Lise bitince alacele biryerlere girelim kaygısıyla 2 yıllık işletme bölümüne girmiştim. Tembel yanım hep ağır basmıştır. 3 yıl okudum. 4. yıla uzattığımda bırakmaya karar vermiştim. Arkadaşlarım geçen 3 yıla yazık edeceğimi söylemişlerdi. Bense orada geçecek her güne yazık diyerek sildirdim kaydımı. Hocalarla genelde anlaşamazdım. Çoğu ya faşizan eğilimliydi ya da gerici.

Bir yıl sonra İzmir’e yerleştim. Hem yeni bir iş sahibi olmuştum. Hem de güzel sanatlar için hazırlanma şansını yakalamıştım. İlk yıl puanım yetmedi. İkinci yıl ikinci aşamada elendim. Üçüncü yılda Eğitim Fak. Resim bölümüne girebildim. Hazırlık döneminde ayda bir eskiz defteri bitirirdim. Günde bir tane de 50*70 desen çalışırdım en azından.
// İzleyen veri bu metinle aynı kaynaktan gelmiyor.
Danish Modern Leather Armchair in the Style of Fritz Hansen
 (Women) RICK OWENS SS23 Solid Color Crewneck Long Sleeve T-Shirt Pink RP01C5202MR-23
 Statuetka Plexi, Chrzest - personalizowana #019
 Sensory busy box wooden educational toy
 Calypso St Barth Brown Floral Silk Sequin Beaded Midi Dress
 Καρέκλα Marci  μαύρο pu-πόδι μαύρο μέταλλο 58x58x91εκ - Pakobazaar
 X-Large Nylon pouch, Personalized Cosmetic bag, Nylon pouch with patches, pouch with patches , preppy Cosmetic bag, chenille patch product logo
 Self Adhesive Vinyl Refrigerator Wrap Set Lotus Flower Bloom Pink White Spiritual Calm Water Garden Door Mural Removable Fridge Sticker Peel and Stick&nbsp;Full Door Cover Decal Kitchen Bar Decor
Okulda ilk günler fena değildi. Ama her geçen gün hem çizimden uzaklaşıyordum, hem de okuldan. Söylemiştim, tembel yanım da ağır basınca gitmemeye başladım. İş daha zevkliydi. Bilgisayar kullanmayı bilmeyen hocalar grafik dersine giriyordu. Bu tip sanatsal faaliyeler için moda girmek gerekiyordu. Bir dönem boyunca fayans ve klozet çizmekse beni iyice moddan çıkarıyordu. Belki yapmam lazımdı ama sevemedim işte. Şişeler, kavanozlar felan.

Sonra yazı diye bir ders vardı. İlk dersten sonra girmedim bir daha. İlkokul 1. sınıfta yaptığımız; yatay çizgilerden, harflerin yazımına, sonra kelimelere ve cümlelere geçiş yapılan bir dersti ve ben kırmızı kurdela ile vermiştim bu dersi. Tekrardan aynı işkenceye ne gerek vardı. Zaten kimse yapmaz, parayla üst sınıflara yaptırırdı bu işi. Hocalar da bilirdi ama benim gibi sivrilmeyince ses çıkarmıyolardı.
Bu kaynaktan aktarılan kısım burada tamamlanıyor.